Abstract:
Ceramidases (CDases) are important in controlling skin barrier integrity by regulating ceramide composition and affording downstream signal molecules. While the functions of epidermal CDases are known, roles of neutral CDases secreted by skin-residing microbes are undefined. Here, we developed a one-step fluorogenic substrate, S-B, for specific detection of bacterial CDase activity and inhibitor screening. We identified a non-hydrolyzable substrate mimic, C6, as the best hit. Based on C6, we designed a photoaffinity probe, JX-1, which efficiently detects bacterial CDases. Using JX-1, we identified endogenous low-abundance PaCDase in a P. aeruginosa monoculture and in a mixed skin bacteria culture.

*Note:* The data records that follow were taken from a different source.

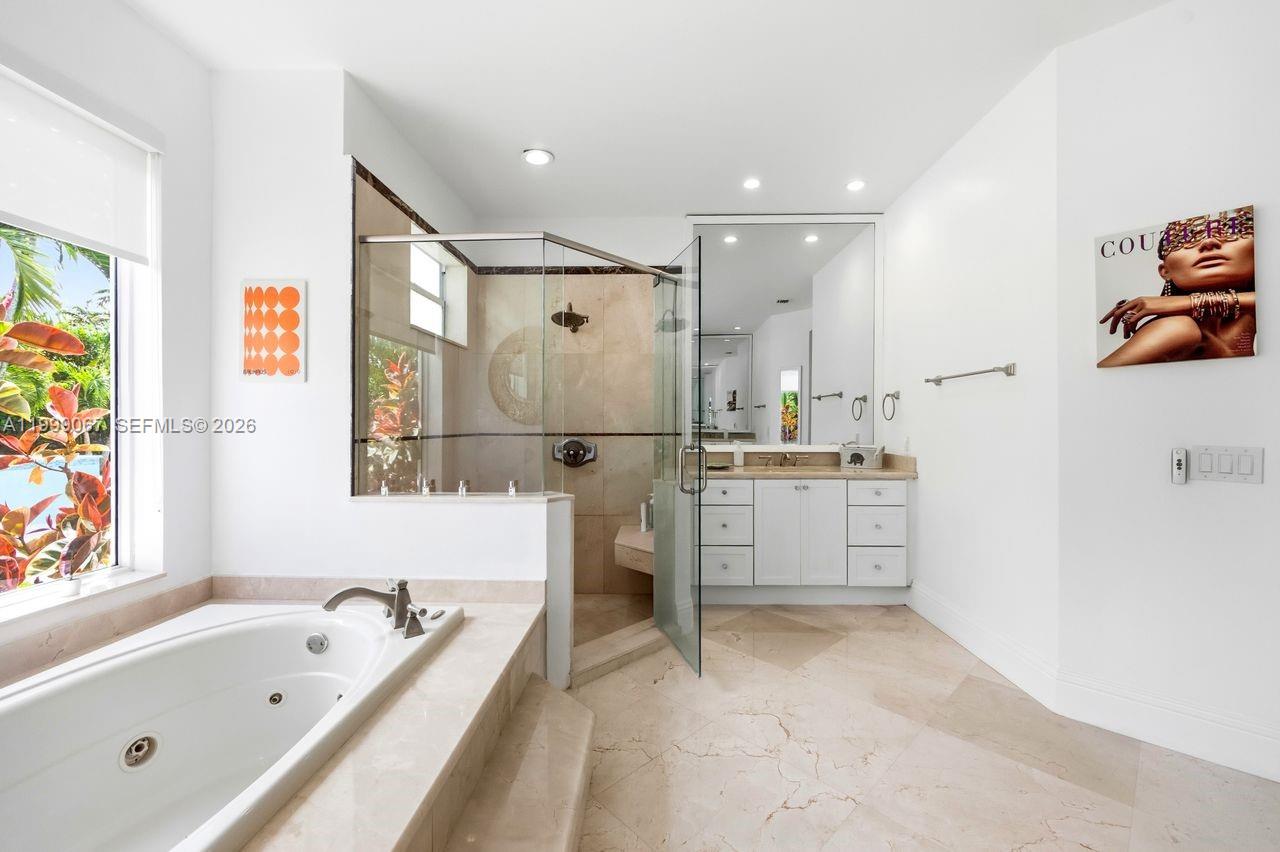 OAK RIDGE FALLS - Residential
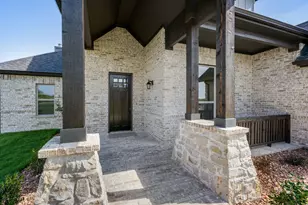 430 Paradise Ridge Dr, Waxahachie, TX 75167 - Photo 2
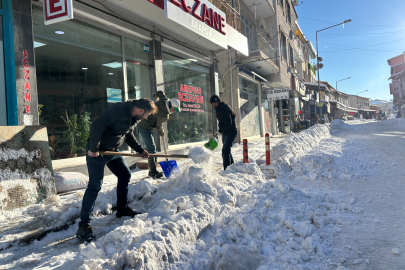 Arapgir de Kar Temizliği Yapılıyor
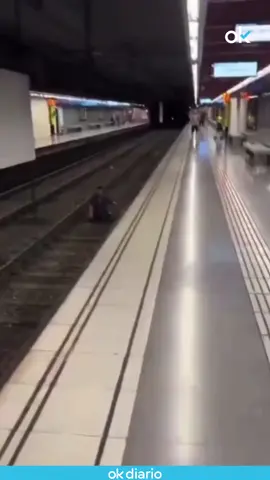 😱 Pánico en el metro de Barcelona: Un hombre salta a las vías y desata el caos, pero todo quedó en un susto... 📲 ¡Descubre en nuestras redes sociales el contenido más interesante!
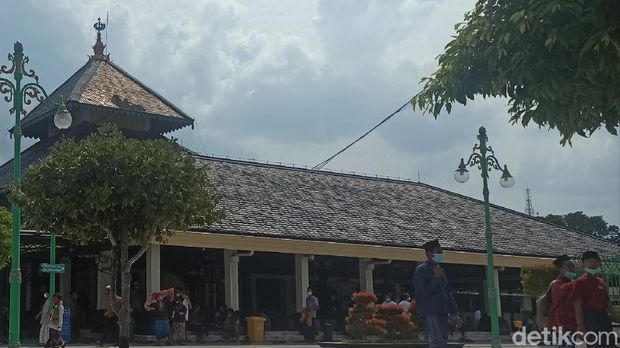 Suasana salat Jumat di Masjid Agung Demak, Jumat (9/7/2021).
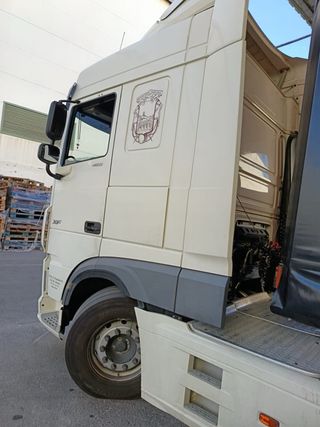 Se vende cabeza tractora DAF XF 480 por jubilación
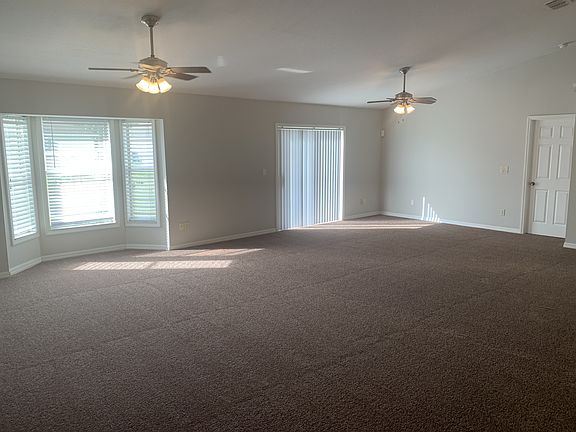 3rd image of 3222 Sawgrass Creek Cir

Harnessing both S-B and JX-1, we found that CDase activity positively correlates with the relative abundance of P. aeruginosa and is negatively associated with wound area reduction in clinical diabetic foot ulcer patient samples. Overall, our study demonstrates that bacterial CDases are important regulators of skin ceramides and potentially play a role in wound healing.
摘要:
神经酰胺酶(CDases)在通过调节神经酰胺组成和提供下游信号分子来控制皮肤屏障完整性方面是重要的。虽然表皮CDases的功能是已知的,由皮肤微生物分泌的中性CDases的作用尚不明确。这里,我们开发了一步荧光底物,S-B,用于特异性检测细菌CDase活性和抑制剂筛选。我们鉴定了不可水解的底物模拟物C6作为最佳命中。基于C6,我们设计了一种光亲和探针JX-1,并观察到细菌CDases的有效检测。使用JX-1,我们在铜绿假单胞菌单一培养和混合皮肤细菌培养物中鉴定了内源性低丰度PaCDase。利用S-B和JX-1,我们在临床糖尿病足溃疡患者样品中观察到CDase活性与铜绿假单胞菌相对丰度正相关,与伤口面积减少负相关。总的来说,我们的研究表明,细菌CDases是皮肤神经酰胺的重要调节因子,可能在伤口愈合中发挥作用.